Pour sa part, l’économiste Enomy Germain, se référant à la situation actuelle d’insécurité, a estimé que les enjeux et les défis peuvent être liés et constituent une sorte de cercle vicieux.  « L’insécurité impacte les activités économiques. Ce sont des impacts qui visent à renforcer les inégalités puisqu’ils favorisent la pauvreté. On sait que par définition, les inégalités sont des sources de tension sociale. On pourrait sortir de la situation de l’insécurité qui secoue sauvagement l’économie nationale pour tomber dans une atmosphère de tension sociale qui est une source d’insécurité », a expliqué l’économiste.

Sans passer par quatre chemins, Énomy Germain a soutenu que le climat d’insécurité est alimenté par des acteurs du secteur privé des affaires pour défaire la concurrence et de réaliser plus de profits et des hommes politiques qui en profitent pour remporter des joutes électorales. M. Enomy appelle à l’éveil de la conscience citoyenne et rappelle que la sécurité doit être publique et non privée.   « La sécurité est un bien public mais le constat est différent. Chaque personne fait ce qu’il peut en fonction de ses moyens pour garantir sa sécurité : garde du corps, véhicule blindé, éviter de circuler dans les zones à risque », a déploré l’économiste.

Le plus gros défi, d’après l’économiste Enomy Germain, consiste à combattre ces gens qui tirent la ficelle de l’insécurité. Il faut aussi rendre fonctionnelles les institutions qui ont un rôle quelconque à jouer pour garantir la sécurité des personnes, des vies, des biens et services. « Ce n’est pas facile de connaître la priorité principale des dirigeants.
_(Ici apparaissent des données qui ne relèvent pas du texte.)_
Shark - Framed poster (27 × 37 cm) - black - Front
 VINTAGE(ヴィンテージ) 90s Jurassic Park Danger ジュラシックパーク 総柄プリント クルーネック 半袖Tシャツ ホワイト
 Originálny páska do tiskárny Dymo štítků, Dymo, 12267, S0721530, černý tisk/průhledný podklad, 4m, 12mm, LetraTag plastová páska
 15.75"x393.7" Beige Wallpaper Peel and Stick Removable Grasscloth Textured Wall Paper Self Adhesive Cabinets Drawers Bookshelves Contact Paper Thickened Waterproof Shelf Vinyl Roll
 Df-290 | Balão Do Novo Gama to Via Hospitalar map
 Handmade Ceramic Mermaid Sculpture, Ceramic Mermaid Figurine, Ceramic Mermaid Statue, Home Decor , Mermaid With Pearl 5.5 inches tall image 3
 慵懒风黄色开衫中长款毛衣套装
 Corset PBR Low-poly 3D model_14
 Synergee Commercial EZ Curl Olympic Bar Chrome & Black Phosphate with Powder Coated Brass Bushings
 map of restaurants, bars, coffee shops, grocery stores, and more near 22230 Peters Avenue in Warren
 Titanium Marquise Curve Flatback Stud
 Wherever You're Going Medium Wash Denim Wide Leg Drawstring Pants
Dans le budget 2021-2022, les crédits alloués au ministère de la Défense ont augmenté de 10% alors que ceux de la police nationale ont légèrement baissé, passant de 16,7 milliards de gourdes à 16,6 milliards de gourdes. Comment faire de la question de l’insécurité une véritable priorité », a souligné Enomy Germain.     

Cette journée de célébration est une occasion de présenter l’association Rankont Edu au grand public. Dans son allocution, Marly Louis, membre du comité exécutif, a présenté Rankont Edu comme une association de jeunes et d’universitaires qui œuvre dans le domaine de l’éducation. Rankont Edu, a-t-elle poursuivi, vise à développer chez la jeunesse haïtienne le goût du bon et du vrai. Son objectif consiste à mettre à la disposition des jeunes une connaissance de qualité. Les jeunes de ladite association disent avoir visé 9 programmes de développement : agriculture, art et culture, défense, échanges et commerce, éducation, information, justice, santé, sciences et technologie.  

« Nous sommes déterminés à travailler pour faire de la Rankont Edu un mouvement qui inspire et qui invite au changement. Nous voulons avoir des citoyens formés et bien imbu de leur droit et leur devoir envers leur pays, des leaders responsables qui impacteront positivement leurs communautés respectives. Nous voulons aussi favoriser l’émergence de la jeunesse haïtienne, développer le sens du dévouement et de la solidarité chez les citoyens et lancé une image, une vraie image de la jeunesse haïtienne », a promis Marly Louis.